Images of faraway galaxies shed new light on dark matter.
Dark matter, the elusive material that accounts for much of the Universe, is less dense and more smoothly distributed throughout space than previously thought, according to a new study co-led by astronomers at the University of Edinburgh. The international team of scientists studied wide-area images of the distant universe, taken from the European Southern Observatory in Chile. They applied a technique based on the bending of light by gravity - known as weak gravitational lensing - to map out the distribution of dark matter in the Universe today. Their study represents the largest area of the sky to be mapped using this technique to date.
The new results contradict previous predictions from a survey of the far-off universe, representing a point in time soon after the Big Bang, imaged by the European Space Agency's Planck satellite. This previous study used a theoretical model to project how the Universe should appear today.

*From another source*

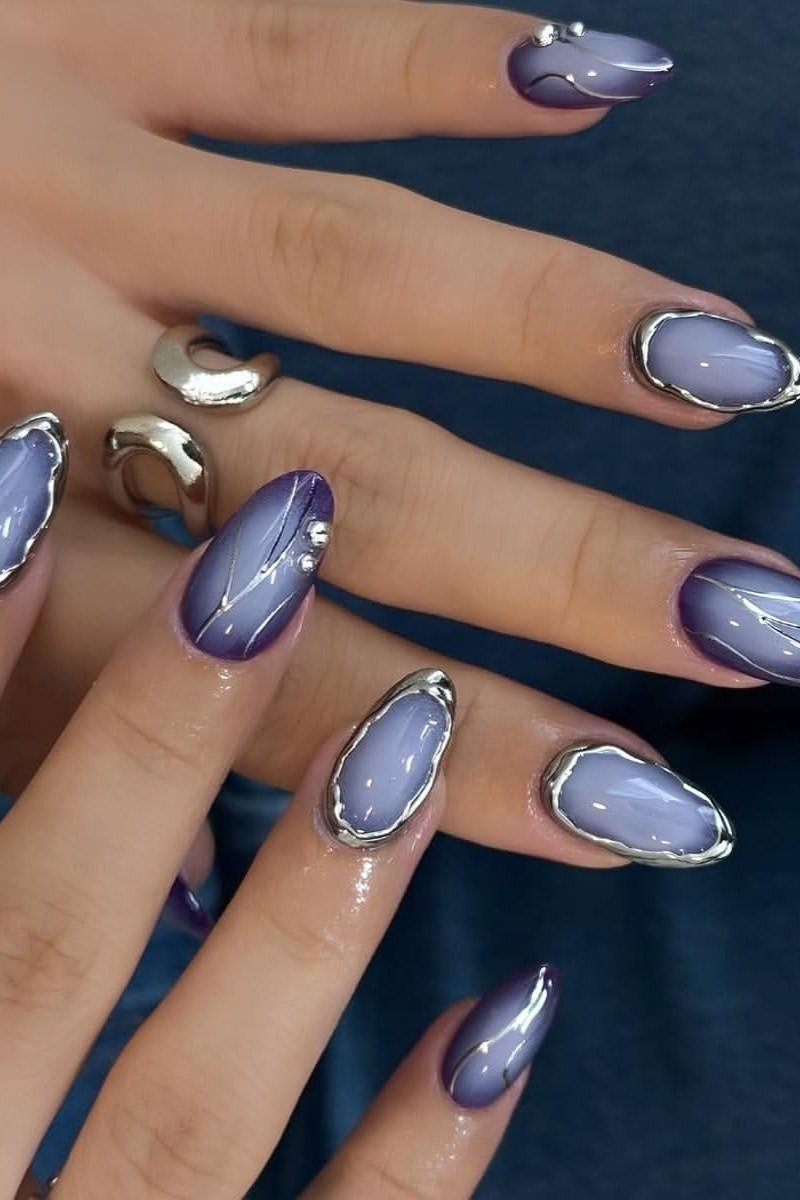 Lavender Cat Eye with Chrome Outline - Soft lavender cat eye shimmer with silver chrome outline accents covers these medium length almond nails.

The disagreement between this prediction and the latest direct measurements suggests that scientists' understanding of the evolving modern day Universe is incomplete and needs more research.

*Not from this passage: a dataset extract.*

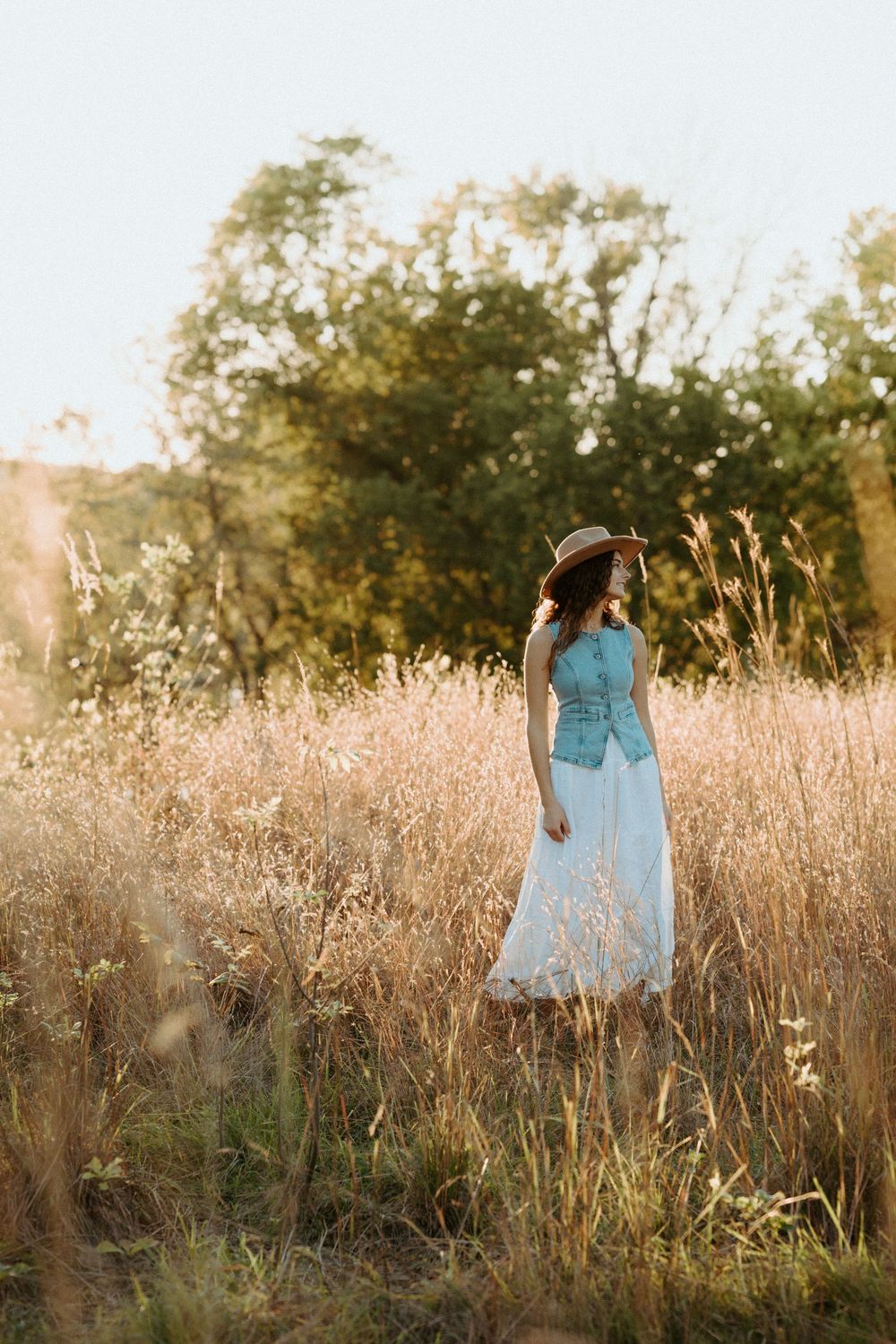 A person wearing a blue dress stands in a golden sunlit meadow of tall grass during sunset.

The latest study, published in Monthly Notices of the Royal Astronomical Society, was carried out by a team jointly led by the University of Edinburgh, the Argelander Institute for Astronomy in Germany, Leiden University in the Netherlands and Swinburne University of Technology, Australia in an ongoing project called the Kilo Degree Survey, or KiDS. It was supported by the European Research Council.
"Our findings will help to refine our theoretical model for how the Universe has grown since its inception, improving our understanding of the modern day Universe.” says Dr Hendrik Hildebrandt of the Argelander Institute for Astronomy in Germany.
"This latest result indicates that the cosmic web dark matter, which accounts for about one-quarter of the Universe, is less clumpy than we previously believed.” said Dr Massimo Viola of Leiden University in the Netherlands.
"Unravelling what has happened since the Big Bang is a complex challenge, but by continuing to study the distant skies, we can build a picture of how our modern Universe has evolved.” said Professor Catherine Heymans of the University of Edinburgh's School of Physics and Astronomy.